- [PROBLEM TO SOLVE] In the answer, transcribe exactly the lines from the beginning of the material through the line holding "Siyah Araba Tasarımlı", and skip every picture.

- [STUDY MATERIAL]
((

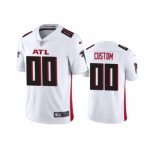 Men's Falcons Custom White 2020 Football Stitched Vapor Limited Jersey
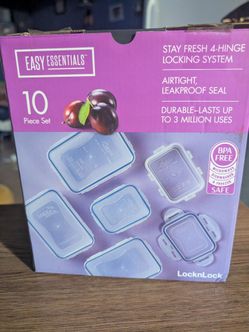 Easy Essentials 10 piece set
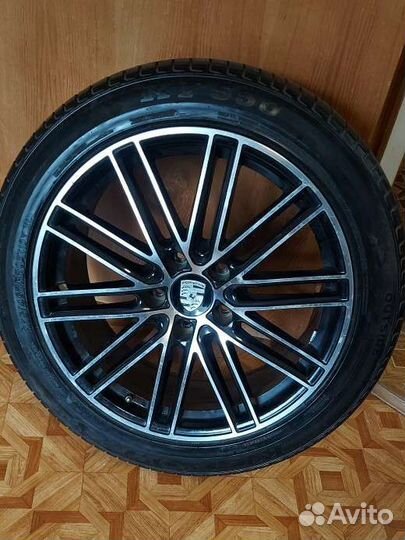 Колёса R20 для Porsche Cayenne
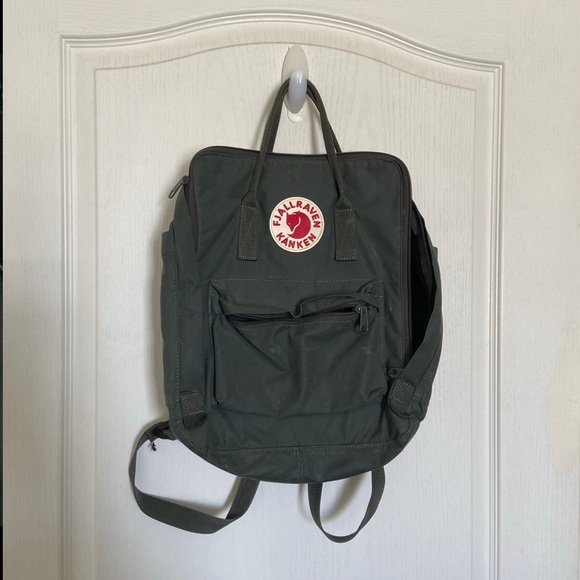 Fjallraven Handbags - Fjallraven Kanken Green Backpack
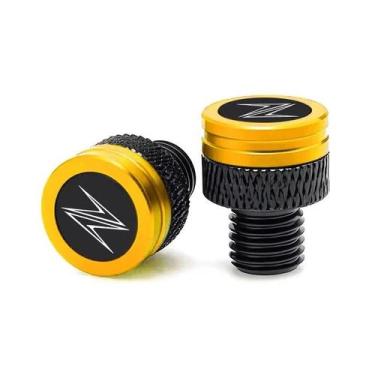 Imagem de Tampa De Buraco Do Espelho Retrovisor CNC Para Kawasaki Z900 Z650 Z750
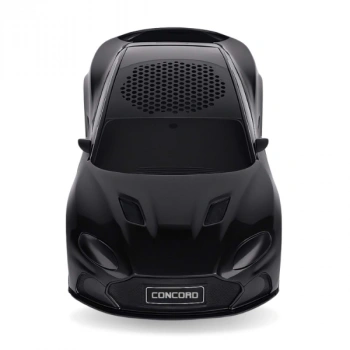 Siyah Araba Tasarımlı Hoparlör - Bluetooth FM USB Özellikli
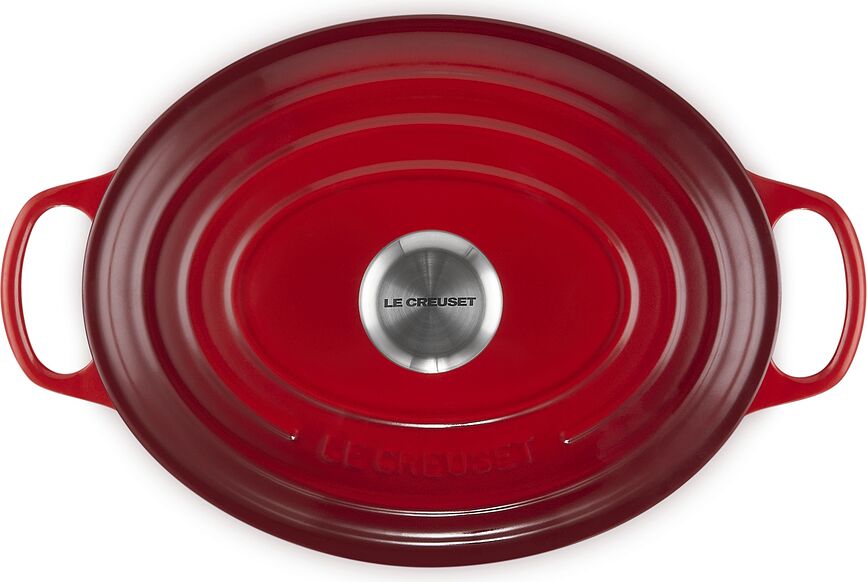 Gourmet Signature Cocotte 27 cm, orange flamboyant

))

- [ANSWER BOX]
 Men's Falcons Custom White 2020 Football Stitched Vapor Limited Jersey
 Easy Essentials 10 piece set
 Колёса R20 для Porsche Cayenne
 Fjallraven Handbags - Fjallraven Kanken Green Backpack
 Imagem de Tampa De Buraco Do Espelho Retrovisor CNC Para Kawasaki Z900 Z650 Z750
 Siyah Araba Tasarımlı Hoparlör - Bluetooth FM USB Özellikli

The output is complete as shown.